Ajoutons à ces narrateurs, ces parties d’un homme en plein devenir, le fils d’un père cornélien auquel Serge, adulte, n’osera se confronter qu’à partir de son travail de critique, comme il l’affirme pour la première fois dans un entretien (à paraître) :

Mon père était (…) ce que je ne pourrais jamais être. Ce qui m’a fasciné, c’est effectivement ce goût de la rigueur dans Corneille qui m’était le plus étranger mais pas tout à fait étranger car c’est certainement inconsciemment que j’ai réglé mon compte avec mon père. (…) Chez Corneille, il y la règle, la loi, la règle de l’État absolu, le héros est dans le rôle d’un serviteur et d’un créateur de cet état et il n’y a pas l’ombre d’un doute que c’était inconsciemment, en rapport avec mon père, certainement, que j’ai choisi Corneille(3) .

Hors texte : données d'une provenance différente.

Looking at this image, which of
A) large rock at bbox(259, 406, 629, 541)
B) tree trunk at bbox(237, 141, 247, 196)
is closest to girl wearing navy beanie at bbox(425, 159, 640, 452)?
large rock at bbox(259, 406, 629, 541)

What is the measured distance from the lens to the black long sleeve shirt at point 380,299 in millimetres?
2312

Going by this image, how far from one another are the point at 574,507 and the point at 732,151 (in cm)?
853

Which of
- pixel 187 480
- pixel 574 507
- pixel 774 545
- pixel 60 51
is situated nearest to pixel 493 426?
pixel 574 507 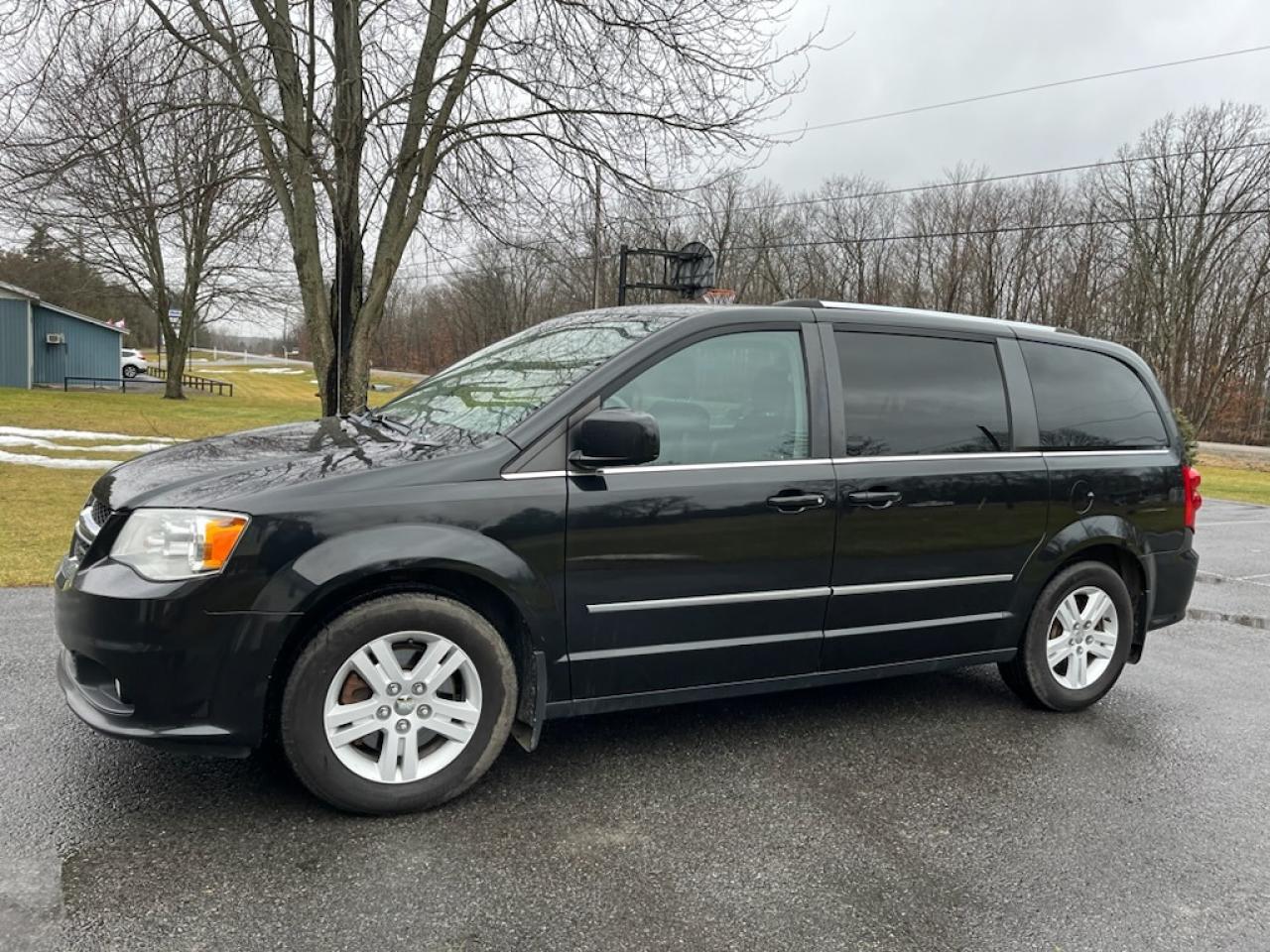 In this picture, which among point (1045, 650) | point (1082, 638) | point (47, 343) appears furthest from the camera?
point (47, 343)

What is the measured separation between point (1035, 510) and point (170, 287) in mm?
39697

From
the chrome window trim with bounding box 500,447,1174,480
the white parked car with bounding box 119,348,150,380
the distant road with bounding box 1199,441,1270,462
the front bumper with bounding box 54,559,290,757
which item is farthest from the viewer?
the white parked car with bounding box 119,348,150,380

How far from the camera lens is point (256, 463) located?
10.3 feet

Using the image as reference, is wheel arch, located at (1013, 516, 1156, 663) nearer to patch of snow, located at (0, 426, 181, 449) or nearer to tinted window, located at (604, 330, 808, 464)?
tinted window, located at (604, 330, 808, 464)

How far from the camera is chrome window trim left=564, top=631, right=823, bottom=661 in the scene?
3.24 metres

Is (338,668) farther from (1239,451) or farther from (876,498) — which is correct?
(1239,451)

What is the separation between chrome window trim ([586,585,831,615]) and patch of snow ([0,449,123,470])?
10.9 metres

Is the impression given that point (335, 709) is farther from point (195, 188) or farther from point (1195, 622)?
point (195, 188)

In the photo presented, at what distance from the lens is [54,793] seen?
3.05m

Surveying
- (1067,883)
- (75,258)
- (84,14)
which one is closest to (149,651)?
(1067,883)

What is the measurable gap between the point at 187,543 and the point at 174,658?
0.35 meters

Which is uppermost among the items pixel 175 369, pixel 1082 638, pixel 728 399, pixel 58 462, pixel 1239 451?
pixel 175 369

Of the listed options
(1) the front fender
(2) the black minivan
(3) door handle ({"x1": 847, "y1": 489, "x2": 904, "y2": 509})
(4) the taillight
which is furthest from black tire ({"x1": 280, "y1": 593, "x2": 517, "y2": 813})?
(4) the taillight

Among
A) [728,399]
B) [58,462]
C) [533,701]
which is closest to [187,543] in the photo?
[533,701] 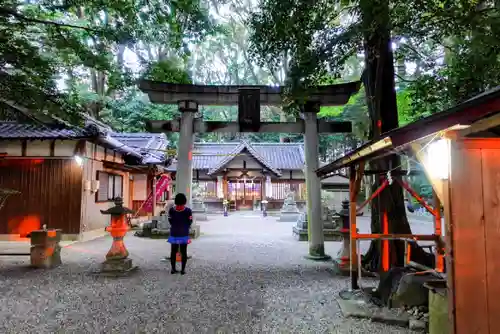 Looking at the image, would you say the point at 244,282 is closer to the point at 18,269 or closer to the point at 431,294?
the point at 431,294

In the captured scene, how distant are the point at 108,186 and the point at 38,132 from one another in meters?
4.03

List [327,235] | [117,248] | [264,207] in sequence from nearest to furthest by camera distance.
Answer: [117,248] → [327,235] → [264,207]

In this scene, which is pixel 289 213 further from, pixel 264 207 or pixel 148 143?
pixel 148 143

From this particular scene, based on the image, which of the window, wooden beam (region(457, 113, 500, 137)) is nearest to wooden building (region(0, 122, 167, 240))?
the window

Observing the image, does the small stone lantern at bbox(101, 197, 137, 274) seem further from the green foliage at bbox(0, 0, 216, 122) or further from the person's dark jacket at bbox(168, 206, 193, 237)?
the green foliage at bbox(0, 0, 216, 122)

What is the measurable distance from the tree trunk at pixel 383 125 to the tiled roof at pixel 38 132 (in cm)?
877

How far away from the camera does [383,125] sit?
7.22 metres

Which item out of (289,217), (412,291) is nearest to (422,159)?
(412,291)

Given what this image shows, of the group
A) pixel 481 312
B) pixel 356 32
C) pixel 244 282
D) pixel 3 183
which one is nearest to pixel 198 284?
pixel 244 282

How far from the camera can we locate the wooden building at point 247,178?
27.5 meters

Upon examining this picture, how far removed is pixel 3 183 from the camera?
1150 centimetres

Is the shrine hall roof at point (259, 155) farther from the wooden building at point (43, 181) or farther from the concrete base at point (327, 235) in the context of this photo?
the concrete base at point (327, 235)

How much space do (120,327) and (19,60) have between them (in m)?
5.86

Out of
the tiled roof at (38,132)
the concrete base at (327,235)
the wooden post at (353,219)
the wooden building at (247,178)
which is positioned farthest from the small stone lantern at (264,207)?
the wooden post at (353,219) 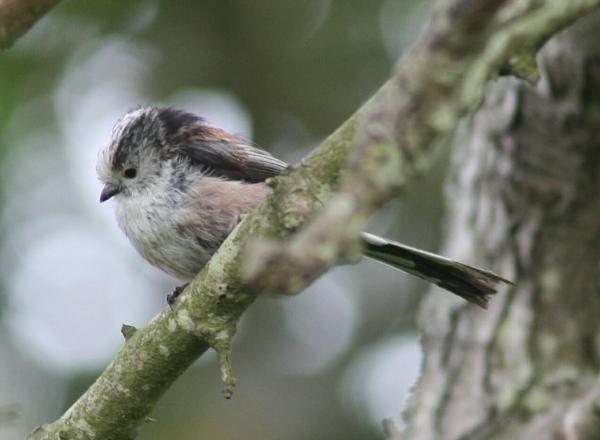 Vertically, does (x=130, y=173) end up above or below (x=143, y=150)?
below

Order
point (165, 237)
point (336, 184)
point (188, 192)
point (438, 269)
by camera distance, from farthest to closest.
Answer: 1. point (188, 192)
2. point (165, 237)
3. point (438, 269)
4. point (336, 184)

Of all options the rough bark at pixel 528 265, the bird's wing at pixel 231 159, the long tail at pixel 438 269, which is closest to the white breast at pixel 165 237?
the bird's wing at pixel 231 159

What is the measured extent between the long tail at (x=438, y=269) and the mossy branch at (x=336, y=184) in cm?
95

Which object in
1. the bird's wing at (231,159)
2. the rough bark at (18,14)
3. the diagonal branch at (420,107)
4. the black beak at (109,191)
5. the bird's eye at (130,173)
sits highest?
the bird's wing at (231,159)

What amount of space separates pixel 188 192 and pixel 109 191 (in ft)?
2.14

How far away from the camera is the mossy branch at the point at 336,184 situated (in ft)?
6.29

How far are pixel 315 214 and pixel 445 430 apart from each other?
7.03 feet

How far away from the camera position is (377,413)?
7281 millimetres

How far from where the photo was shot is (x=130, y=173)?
16.5 ft

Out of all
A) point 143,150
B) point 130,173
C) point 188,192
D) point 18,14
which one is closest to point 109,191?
point 130,173

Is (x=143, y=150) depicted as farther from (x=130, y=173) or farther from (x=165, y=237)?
(x=165, y=237)

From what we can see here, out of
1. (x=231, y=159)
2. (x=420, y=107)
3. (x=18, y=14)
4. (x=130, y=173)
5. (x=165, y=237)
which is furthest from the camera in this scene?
(x=130, y=173)

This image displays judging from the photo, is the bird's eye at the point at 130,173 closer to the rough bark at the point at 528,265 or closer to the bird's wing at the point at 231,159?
the bird's wing at the point at 231,159

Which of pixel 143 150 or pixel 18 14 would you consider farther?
pixel 143 150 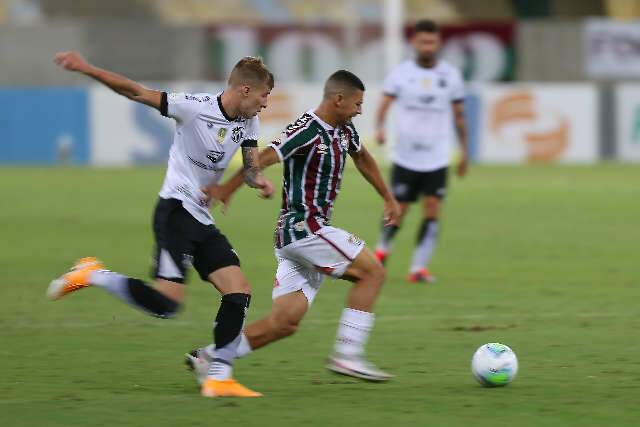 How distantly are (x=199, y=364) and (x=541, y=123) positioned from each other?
24.4m

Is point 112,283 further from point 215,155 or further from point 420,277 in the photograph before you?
point 420,277

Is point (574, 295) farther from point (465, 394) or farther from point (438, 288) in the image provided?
point (465, 394)

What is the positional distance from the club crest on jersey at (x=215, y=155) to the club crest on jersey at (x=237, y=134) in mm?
98

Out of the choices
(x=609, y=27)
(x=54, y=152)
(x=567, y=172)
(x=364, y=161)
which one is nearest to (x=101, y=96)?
(x=54, y=152)

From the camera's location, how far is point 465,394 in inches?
288

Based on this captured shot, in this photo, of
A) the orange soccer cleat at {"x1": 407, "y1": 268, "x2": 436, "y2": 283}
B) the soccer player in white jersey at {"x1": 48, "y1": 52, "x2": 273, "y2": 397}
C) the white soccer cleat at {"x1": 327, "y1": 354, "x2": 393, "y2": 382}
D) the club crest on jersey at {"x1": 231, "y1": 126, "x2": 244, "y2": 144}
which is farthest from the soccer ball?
the orange soccer cleat at {"x1": 407, "y1": 268, "x2": 436, "y2": 283}

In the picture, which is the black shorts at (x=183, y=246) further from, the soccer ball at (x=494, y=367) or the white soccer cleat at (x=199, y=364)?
the soccer ball at (x=494, y=367)

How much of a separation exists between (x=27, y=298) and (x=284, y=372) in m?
3.97

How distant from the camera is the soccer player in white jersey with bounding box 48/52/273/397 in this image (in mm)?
7406

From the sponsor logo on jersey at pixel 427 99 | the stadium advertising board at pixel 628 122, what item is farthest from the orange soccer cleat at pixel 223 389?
the stadium advertising board at pixel 628 122

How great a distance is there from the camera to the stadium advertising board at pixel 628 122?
31.4 meters

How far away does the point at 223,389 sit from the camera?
23.6 feet

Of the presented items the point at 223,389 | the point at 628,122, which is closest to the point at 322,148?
the point at 223,389

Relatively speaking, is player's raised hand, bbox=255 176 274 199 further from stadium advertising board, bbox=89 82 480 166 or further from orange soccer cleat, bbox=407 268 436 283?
stadium advertising board, bbox=89 82 480 166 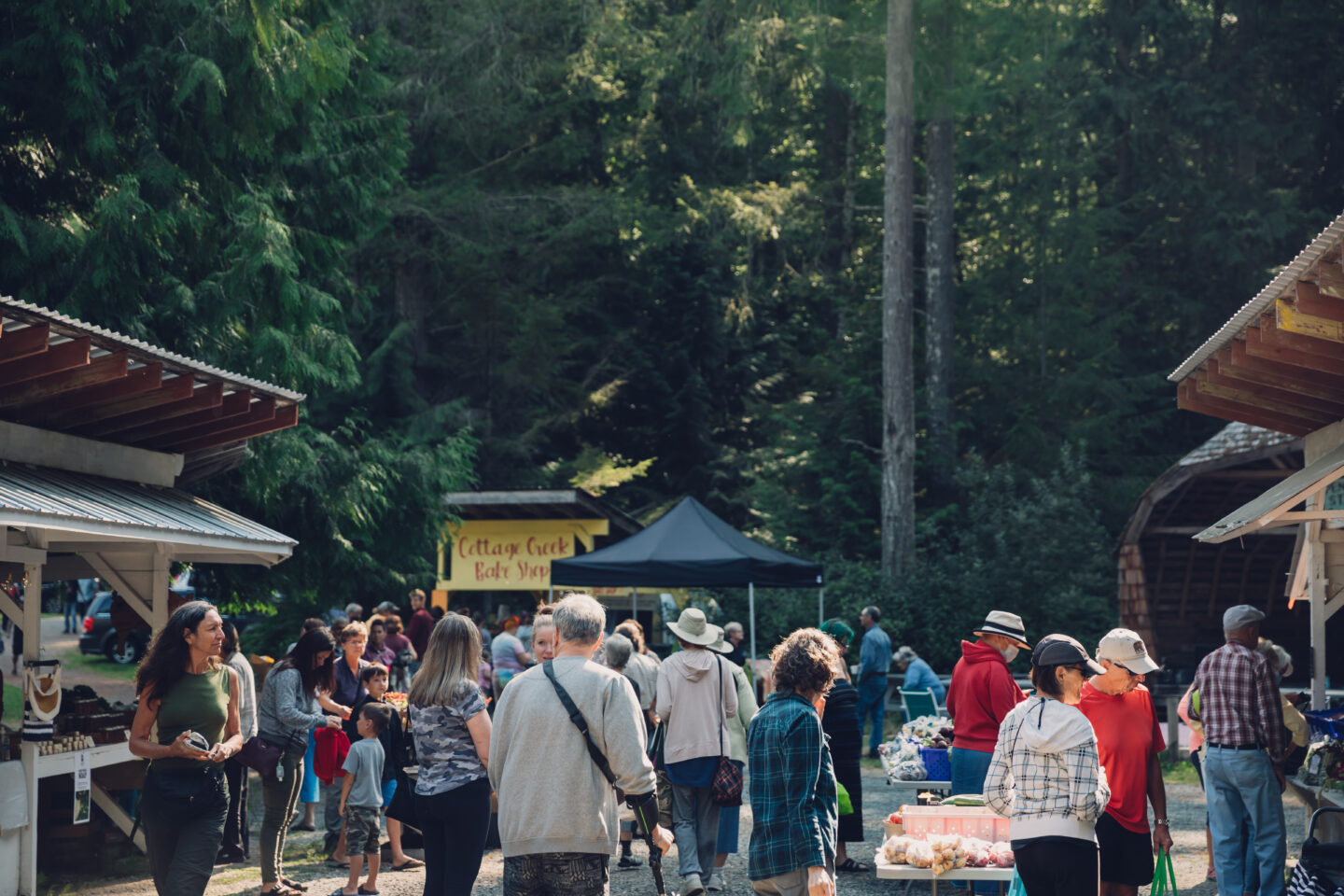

Tous voulaient avoir leur part dans ce texte auquel Serge Doubrovsky s’était attelé à la demande de son analyste. Tous demandaient à être entendus (par quel destinataire ?), tous élevaient leur voix, tantôt – surtout dans les premières centaines de feuillets – à la manière des confessions rousseauistes, tantôt à la manière d’un acteur de théâtre jouant savamment du verbe, de la prosodie, du souffle, tantôt encore comme un génie fou dont la tête est sur le point d’imploser. Chacun d’eux s’exprime sur des thèmes récurrents sans que jamais il n’y ait de redite lassante, les styles choisis répondant chacun à une exigence de restitution d’un contenu, processus dont Serge Doubrovsky est un maître incontestable.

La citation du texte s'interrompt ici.